Last March, Ford ended its Russian joint venture Ford Sollers, which saw the American automaker leave the Russian market entirely. Russia's Sollers assumed control of the venture Ford previously led. And now, another major American automaker is officially leaving Mother Russia.
Reuters reports Russia's largest automaker, AvtoVAZ, has just announced plans to buy out GM from the joint venture. This brings to an end the Chevrolet brand in Russia as well as GM's presence building cars in the country. Like Ford, GM experienced difficulty in Russia's car market over the past few years due to western sanctions, which were first imposed in 2014, along with falling oil prices, and the weakened ruble. Prior to 2014, the Russian car market was one of Europe's top performers.
As we reported earlier this month, Russian car sales, in general, are in bad shape due to the weakened currency that's making it difficult for citizens to buy new cars. The Russian government has already approved a subsidy plan, set to take effect next year, worth about $78.3 billion as part of an effort to help spur the local new car market. For GM, however, it was too little too late. AvtoVAZ has since signed an agreement to buy GM's 50 percent stake in the venture which, up until now, built the Chevrolet Niva.
Never heard of the Niva? It's not anything like a rebadged Chevrolet Cruze or Malibu. Quite the opposite. The Niva is actually based on an old Soviet-era design, though GM engineers were brought in to make some necessary improvements. However, the agreement allows AvtoVAZ to continue building cars under the Chevrolet brand for "a certain period of time."

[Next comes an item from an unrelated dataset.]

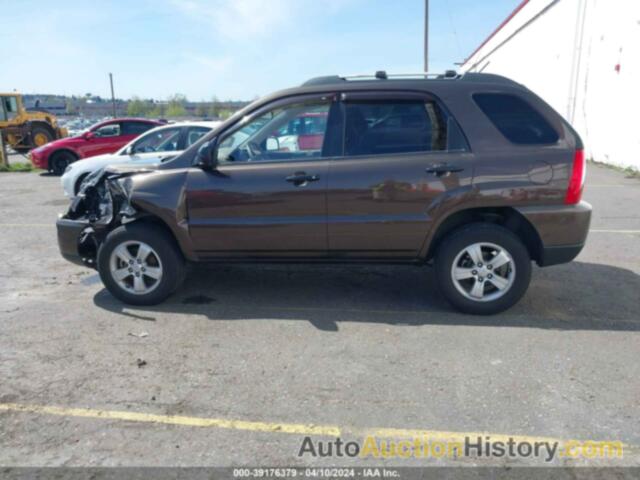 KIA SPORTAGE LX, KNDJF724197574753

The long-term goal is to switch to Russia's own and established Lada brand. It was only a few years ago when more familiar Chevys were built in Russia at a production plant near St. Petersburg. These included the Chevy Cruze and the old Trailblazer, along with the Opel Astra. Opel, of course, was sold by GM to PSA (along with Vauxhall) in 2017. GM ended those manufacturing operations for similar reasons. The conflict with Ukraine at the time was also a factor.